When Tamar sets up a booth as a temple prostitute, she is visited and impregnated by Judah.
“When Tamar gets called out for getting pregnant, Judah admits he was more in the wrong than her (for his involvement in pagan worship),” Rev. Nicol said.
“There’s all sorts of messes here,” he said. “And yet here are the people who become heroes of the faith. Not because they got it all right, but because they learned to repent, to admit they got it wrong and ask for forgiveness.”
Rev. Nicol admits the story is “shocking” and “culturally strange,” and that some in the congregation may be embarrassed – “you do get a few folks who tend to spend more time staring at their shoes than usual because it doesn’t make them comfortable.”
Still, he said, “These are things we need to talk about, and too often we decide it’s too racy for church, so we’re going to skip it. But I think it’s really essential, because how else can we find out that God’s got grace sufficient enough to deal with the messes we’ve made of our own lives unless we hear it. And hear it in a place we don’t expect to hear it – Jesus’ family tree. And if this is His family … mine may look messy, but it doesn’t quite look like that.”
And so far, two weeks into Advent, Rev. Nicol said he’d gotten positive feedback from members.

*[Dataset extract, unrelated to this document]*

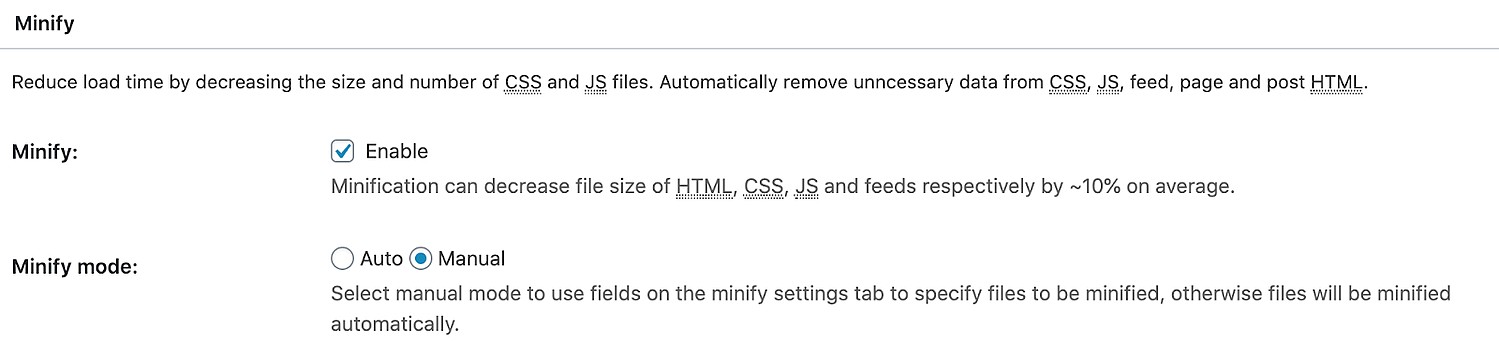 the settings page in the w3 total cache plugin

“People want to hear that the Bible has something pertinent to say to the challenges we face in the real world, and not just the sterilized version,” he said. “Here’s this unwed teenage mother (Mary) at the end of this trail of crazy stories, and every one of those women becomes a hero in some sense, in spite of everything that would normally disqualify them.”
People react, he said, with “Wow, there’s messes in the world, messes in the Bible, messes in my life – apparently that’s what the Good News is: That God’s willing to get into the midst of the mess and do something about it.”